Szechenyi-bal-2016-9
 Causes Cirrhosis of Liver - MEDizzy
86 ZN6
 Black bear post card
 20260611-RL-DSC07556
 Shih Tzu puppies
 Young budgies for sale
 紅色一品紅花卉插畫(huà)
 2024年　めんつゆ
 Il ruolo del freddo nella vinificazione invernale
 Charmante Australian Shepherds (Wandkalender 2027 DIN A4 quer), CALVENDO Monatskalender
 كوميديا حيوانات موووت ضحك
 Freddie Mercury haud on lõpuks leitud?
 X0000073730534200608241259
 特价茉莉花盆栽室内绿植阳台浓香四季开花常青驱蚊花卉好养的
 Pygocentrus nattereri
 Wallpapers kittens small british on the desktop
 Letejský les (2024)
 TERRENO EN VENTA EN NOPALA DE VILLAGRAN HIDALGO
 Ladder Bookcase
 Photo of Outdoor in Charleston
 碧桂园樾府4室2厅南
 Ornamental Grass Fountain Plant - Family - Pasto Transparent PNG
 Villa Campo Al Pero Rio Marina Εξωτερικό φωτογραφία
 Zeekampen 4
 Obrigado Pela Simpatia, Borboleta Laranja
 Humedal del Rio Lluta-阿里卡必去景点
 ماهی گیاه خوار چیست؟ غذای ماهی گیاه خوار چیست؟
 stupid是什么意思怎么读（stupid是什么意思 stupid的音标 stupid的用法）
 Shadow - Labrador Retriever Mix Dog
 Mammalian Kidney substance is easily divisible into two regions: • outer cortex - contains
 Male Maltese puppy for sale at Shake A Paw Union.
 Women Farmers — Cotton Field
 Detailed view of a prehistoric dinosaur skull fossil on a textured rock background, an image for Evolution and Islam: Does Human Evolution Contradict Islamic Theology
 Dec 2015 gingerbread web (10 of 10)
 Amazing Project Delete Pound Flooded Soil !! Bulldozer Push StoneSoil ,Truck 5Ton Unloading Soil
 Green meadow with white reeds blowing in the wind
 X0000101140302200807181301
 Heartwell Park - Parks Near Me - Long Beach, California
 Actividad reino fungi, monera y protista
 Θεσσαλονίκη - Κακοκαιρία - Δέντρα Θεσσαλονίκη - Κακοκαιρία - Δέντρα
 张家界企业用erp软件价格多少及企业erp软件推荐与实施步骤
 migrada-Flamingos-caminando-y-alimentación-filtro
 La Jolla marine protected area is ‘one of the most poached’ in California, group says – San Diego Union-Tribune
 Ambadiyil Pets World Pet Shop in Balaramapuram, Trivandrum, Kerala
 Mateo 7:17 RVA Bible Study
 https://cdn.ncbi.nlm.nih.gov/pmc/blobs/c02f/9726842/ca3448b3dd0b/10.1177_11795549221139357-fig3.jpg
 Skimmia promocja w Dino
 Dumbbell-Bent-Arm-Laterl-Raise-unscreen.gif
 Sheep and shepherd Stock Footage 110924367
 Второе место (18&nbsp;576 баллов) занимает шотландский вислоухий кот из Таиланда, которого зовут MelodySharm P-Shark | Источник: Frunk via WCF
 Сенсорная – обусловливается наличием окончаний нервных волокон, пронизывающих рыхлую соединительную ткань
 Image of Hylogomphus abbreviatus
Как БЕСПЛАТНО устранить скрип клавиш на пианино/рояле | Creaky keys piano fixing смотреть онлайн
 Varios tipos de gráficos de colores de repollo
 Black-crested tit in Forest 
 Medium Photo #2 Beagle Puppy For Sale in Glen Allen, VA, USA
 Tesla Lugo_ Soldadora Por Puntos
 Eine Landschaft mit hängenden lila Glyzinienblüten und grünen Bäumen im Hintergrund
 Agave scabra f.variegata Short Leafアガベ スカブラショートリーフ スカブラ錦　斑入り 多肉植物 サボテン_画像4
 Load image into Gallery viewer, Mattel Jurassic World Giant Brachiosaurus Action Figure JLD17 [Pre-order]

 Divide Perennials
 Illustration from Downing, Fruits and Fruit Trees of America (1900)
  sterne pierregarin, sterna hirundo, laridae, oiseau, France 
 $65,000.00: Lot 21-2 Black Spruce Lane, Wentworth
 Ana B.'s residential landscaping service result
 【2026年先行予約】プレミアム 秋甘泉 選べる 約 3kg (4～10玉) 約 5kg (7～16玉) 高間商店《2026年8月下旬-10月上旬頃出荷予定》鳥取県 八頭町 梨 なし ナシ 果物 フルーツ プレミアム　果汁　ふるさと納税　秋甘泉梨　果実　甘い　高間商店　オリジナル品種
□ □ □ □
#### TASK INSTRUCTIONS:
The total wanted is the number of lines in the entries above that contain "World". Give it alone.

#### YOUR SOLUTION:
2